Pic by Roberts in June 2010 These towns are not new, however, and most of them claim to have been reborn after disappearing during the war. Central to these towns are the hotels and small kades that cater to travellers. We stopped at one town called Periyakulam that ostensibly did a disappearing act during the war. It is still only a town by a large stretch of the word.
But the hotel that we stopped at seems to be doing pretty well. It employs 38 staff and has built its own mosque so that they can pray in it. Its owner Dawud (if the hotel’s name is anything to go by) tells me that most of his business comes from people who ply the A9. His priority now is to build toilets. Toilets, he says, are ‘the main thing’. He has budgeted over Rs. 1 million, and is quietly confident of growing business.
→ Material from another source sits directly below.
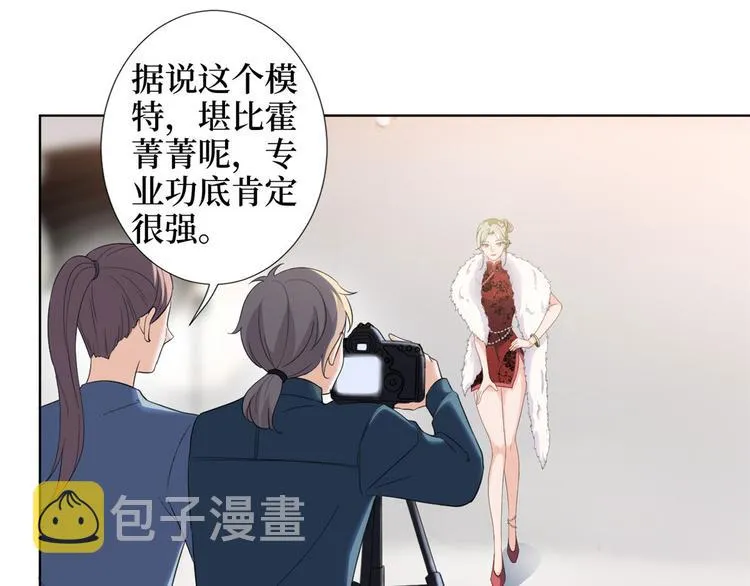 第三十六话 她们不配叫模特！ 第71页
The road networks in Jaffna have shown fast improvement, though they are still a far cry from what you may find in other developed towns. Development in Jaffna is just starting in earnest. And even though the town was still under government rule during the war, it seems to be only now that it is being given anything more than step-motherly treatment. I’ve always heard stories about the prosperous land of Jaffna, but have only seen little more than sparse greenery in its arid landscape on my visit. Now, however, the results of some care and cultivation of the soil are showing. Farmers are out since dawn, digging around their crop. The fields are surprisingly green, a sight for sore eyes. Still, getting good prices for stock has proven a problem for most small scale farmers, who lack the money to transport their goods to markets like Anuradhapura and Colombo where returns are better.
Tourism is just beginning to open up. Most visitors have thus far been locals. And have been attracted to beaches like Casuarina. There is a lot of room for cultural tourism. Jaffna has a rich history of kings and ancient civilisations. I am aware of it only passing, having been educated in a system that only taught me the history of the Sinhala kings. A visit to Kirimale, an ancient bathing pool constructed by a past ruler, and a conversation with a local, however, made me realise the deep history the peninsula lays claim to.
Hotels are popping up in Jaffna. The first time I visited soon after the war’s end the town had only one guest house and we stayed at the home of a kind gentleman in Point Pedro. There was a little black kid (meaning goat spawn) running around and a friend woke up screaming in the middle of the night because he felt a rat. Now, however, hotels with AC rooms and cable TV are easy to find.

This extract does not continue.